迹显现。沈知是慌张的,像小孩子一样背着双手,在封高岑看不到的地方绞着指头,故意将重心放置于受上的那只脚上,摇摇晃晃地站着。
封高岑愈发不耐,刚想说“你连编都不愿编了是吧”,就看到他吃痛地一抽,眼睛里有了点泪。
“你怎么了?”封高岑惊疑不定地向前走了一步,“我还没欺负你呢。”
沈知先把裤子向上扯了小小的一截,只露出扭伤的脚踝,再像是有点委屈地说:“搬东西的时候,不小心摔了一跤。”
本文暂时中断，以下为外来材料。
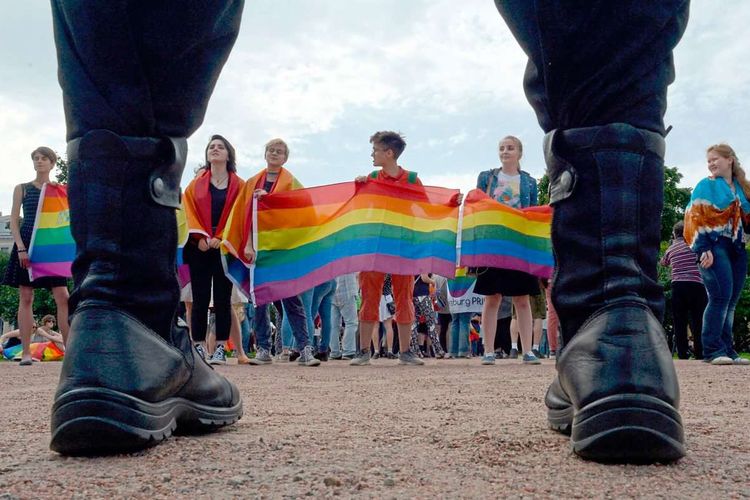 Eine LGBTIQ-Demo in Sankt Petersburg, 2017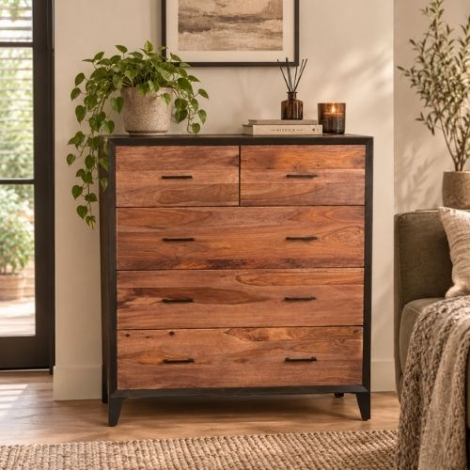 Ladekast van donker hout. 
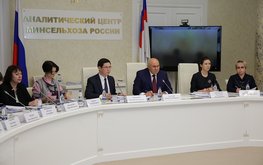 Джамбулат Хатуов: ключевая задача &mdash; загрузить мощности перерабатывающей промышленности отечественным сырьем / Агро-Матик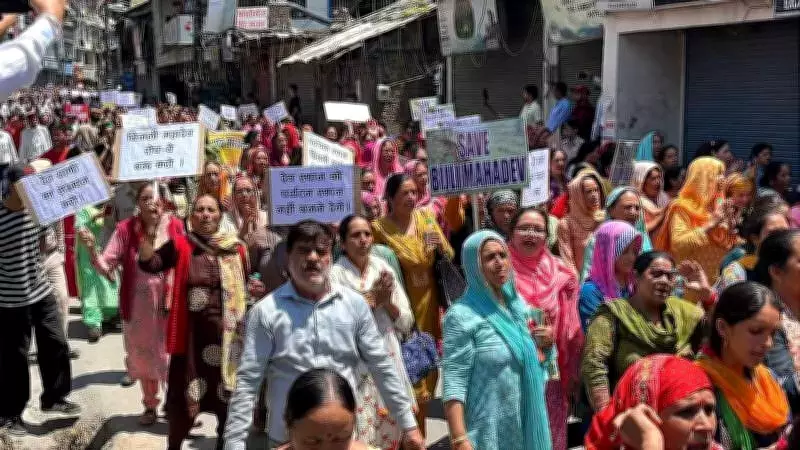 Bijli Mahadev Ropeway Project Suspended After Protests and Staff Manhandling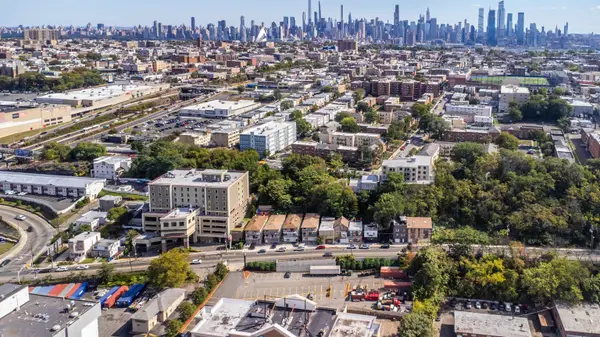 2606 PATERSON PLANK RD, North Bergen, NJ 07047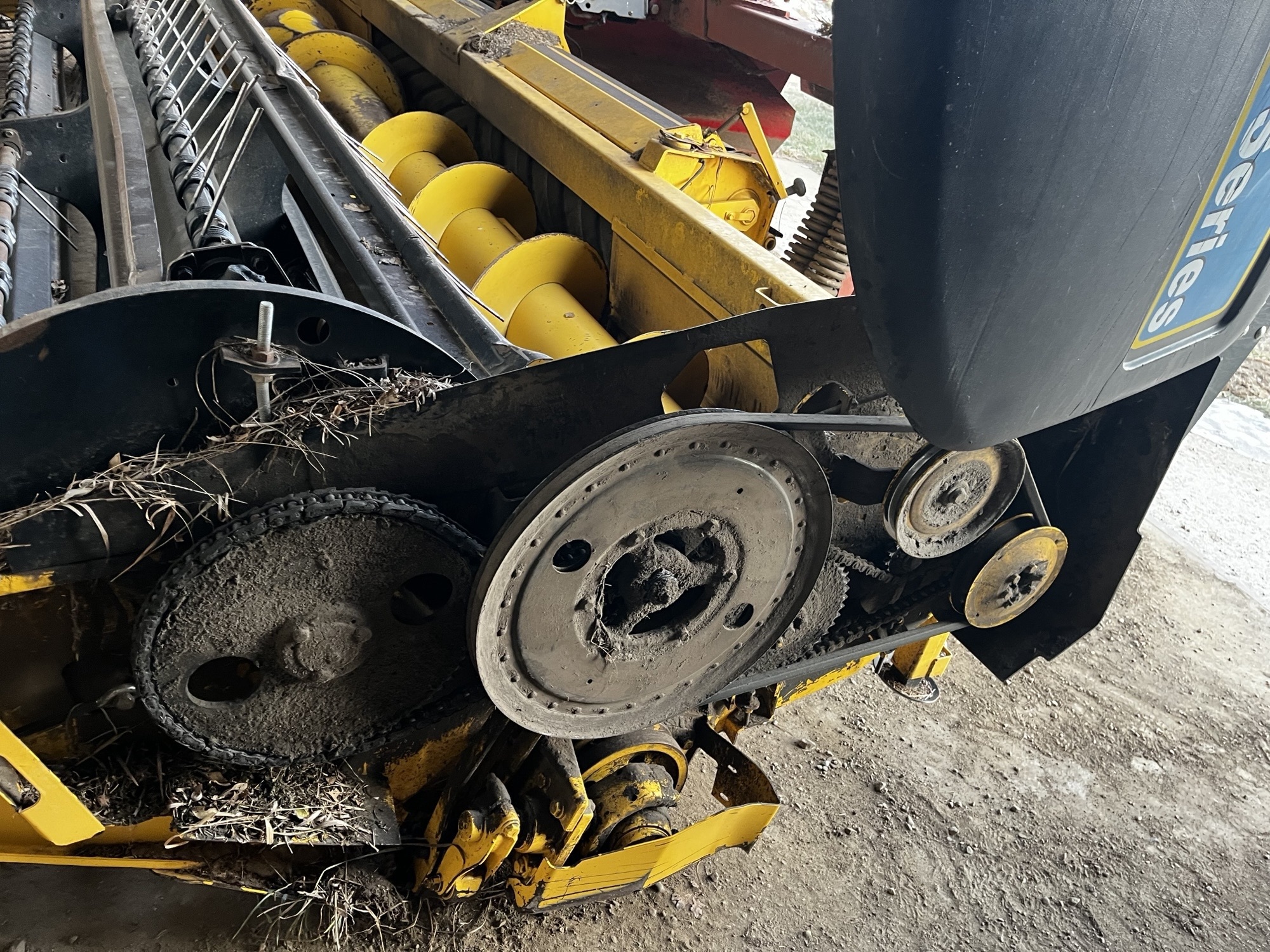 2009 New Holland H7150 Mower Conditioner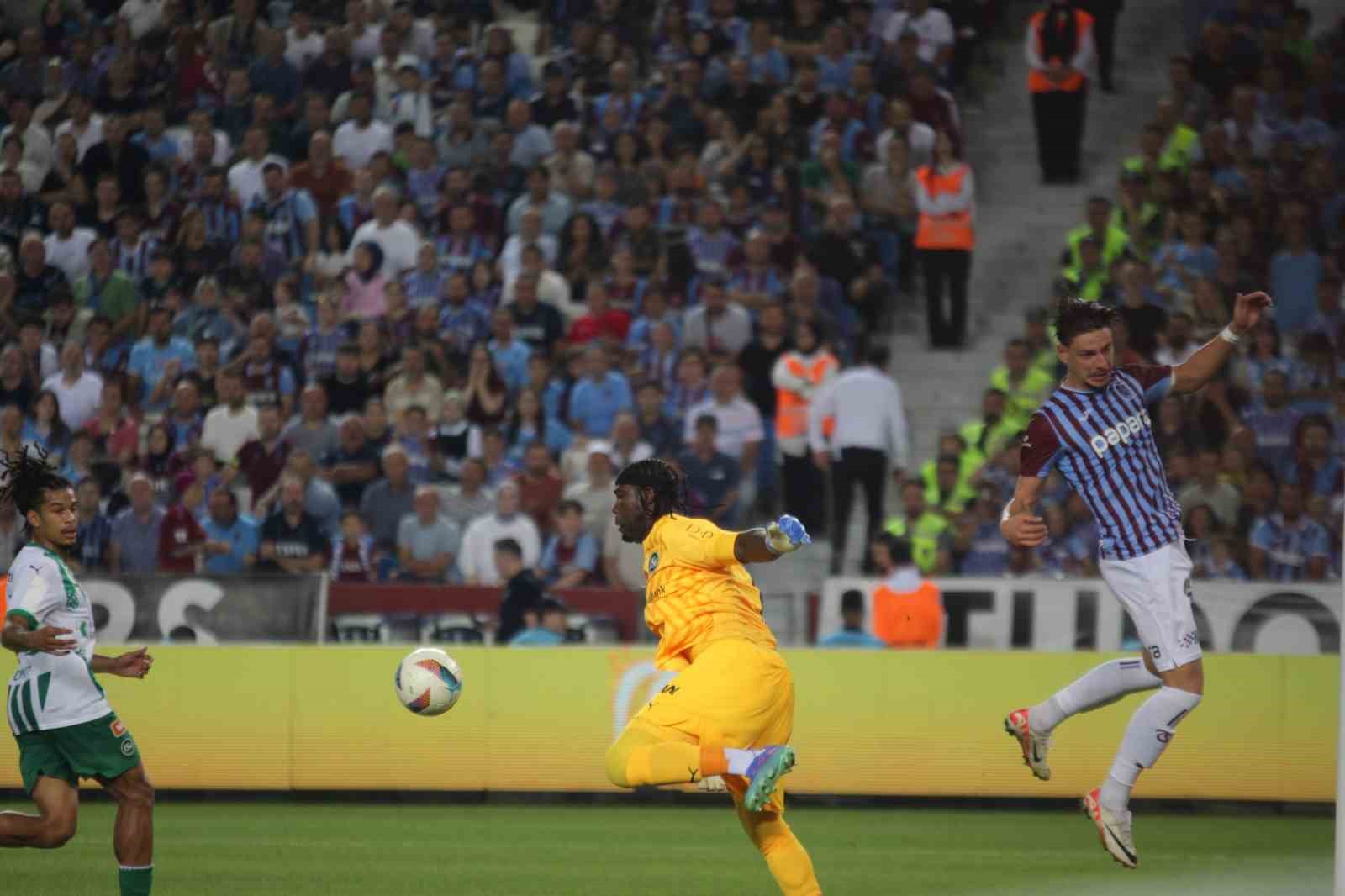 UEFA Konferans Ligi: Trabzonspor: 0 - St. Gallen: 1 (İlk yarı)
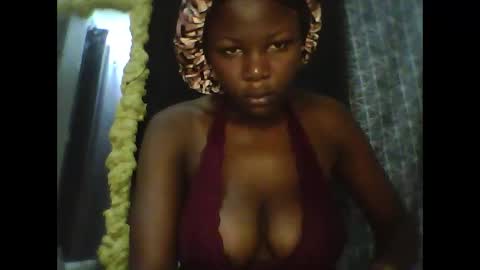 Snapshot of lil_shwaty chatting on December 9, 7:18 pm brinna online show from December 9, 7:18 pm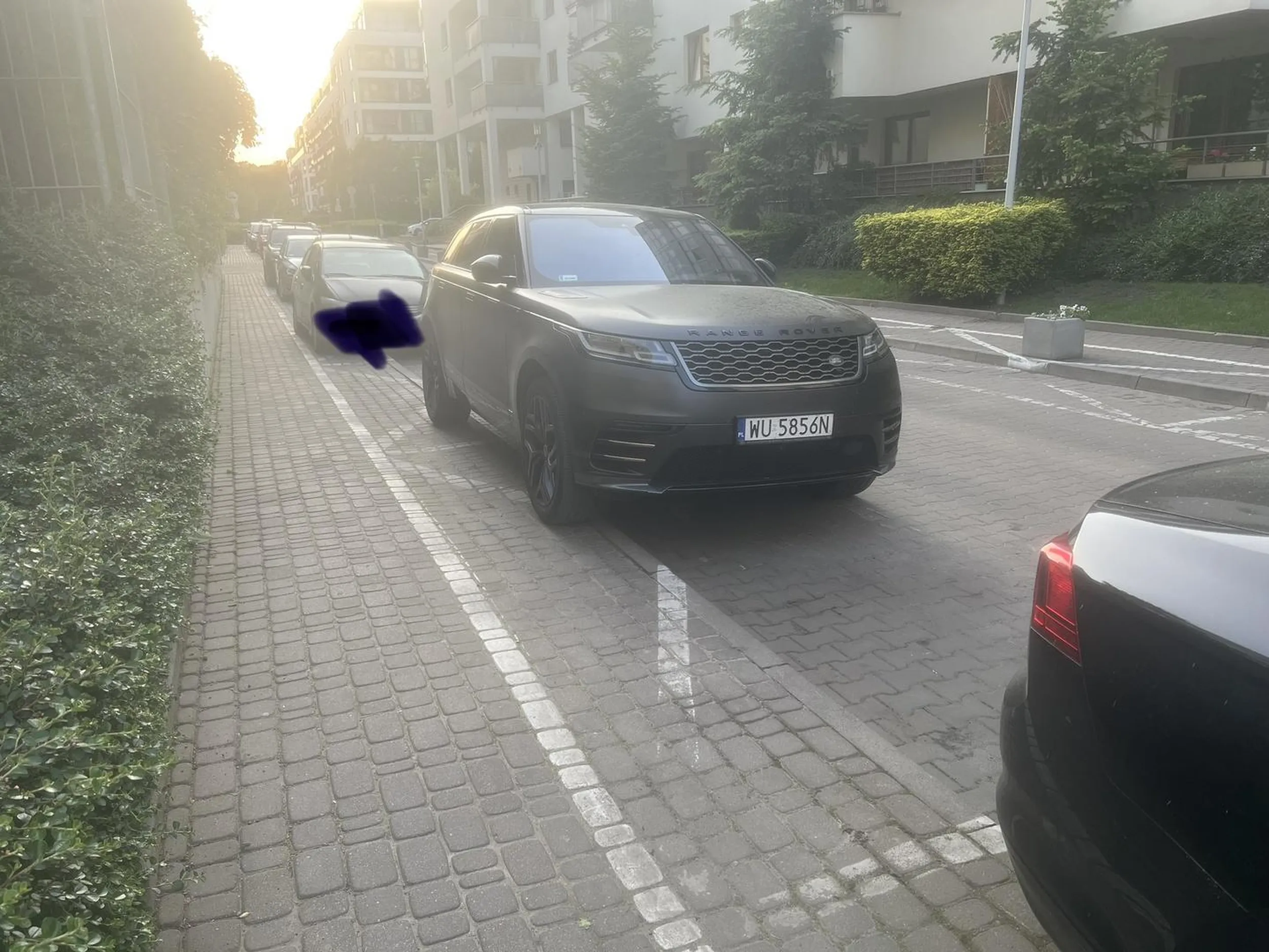 Naucz się parkować albo kup okulary, bo trudno widocznie zająć jedną kopertę. I umyj samochód, brudasie.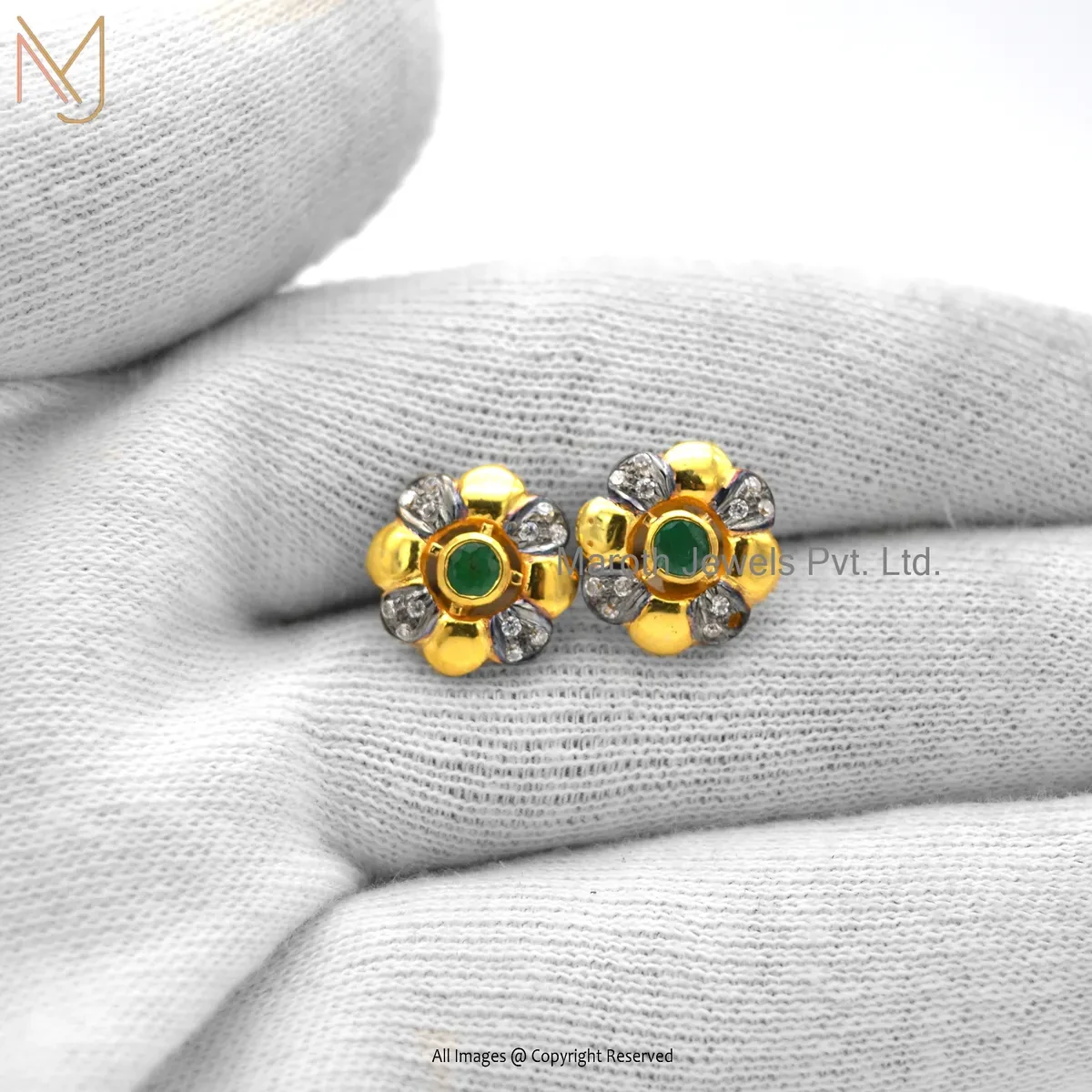 Wholesale 925 Silver Yellow Gold Rhodium Plated Diamond Emerald Gemstone Flower Shape Stud Earring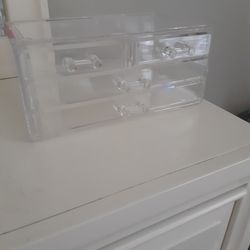ACRYLIC MAKEUP ORGANIZER 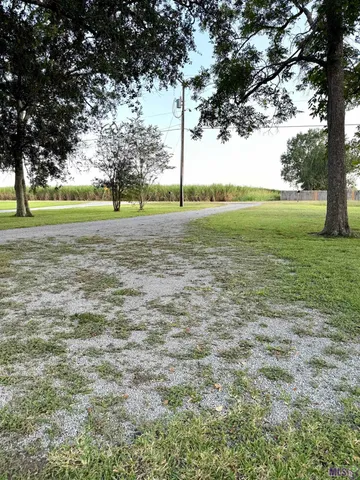 $740,000 | 2920 Highway 182, Patterson, LA 70392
这看起来确实严重,一片青紫通红,淤青惨兮兮地凝着,被四周的白色肌理衬得更加骇人。
“因为手里东西太多了,我一下没站稳……”他抱怨着,撒起谎来却连眼睛都不眨,只是鼻尖出了层紧张的薄汗,“所以才回来晚了,好疼好疼,那时我都站不起来,还以为是骨折了……我缓了好久,幸好遇到了从老师,把我送了回来。”
封高岑蹲下看沈知的脚。体育生受伤几乎已是家常便饭,他也有过伤到脚,痛到在床上躺了三天的日子,面对这一点点小伤时,竟然还会感到“心疼”。大概是面前的对象有所不同,他吹了吹,轻轻地摁摸,竟一时没发现沈知言语间的漏洞。
“搬东西?”封高岑又皱眉,“以后不许再去了。”
他还以为是什么好活计——搬东西?工地吗?就以沈知的身板力气,一天下来也赚不了多少。二十万还不够用?可这几天下来,他也没看到沈知买过什么奢侈品名牌,反而抠抠搜搜,待自己极为苛刻。
——所以这些钱,究竟去了哪里?
沈知点头肯定,似乎是为了证明,又重重点了一下,在反思的表面下,却悄然想着之后该怎么解释。那些恐怖的青紫,有大半都是他自己掐的——他实在想不出办法,却歪打正着,敲中了一点封高岑的思绪:“我在超市那边打工,钱虽然少了点,但总比没有好,也很轻松,今天进了好多物资,经理就让我去帮忙搬。”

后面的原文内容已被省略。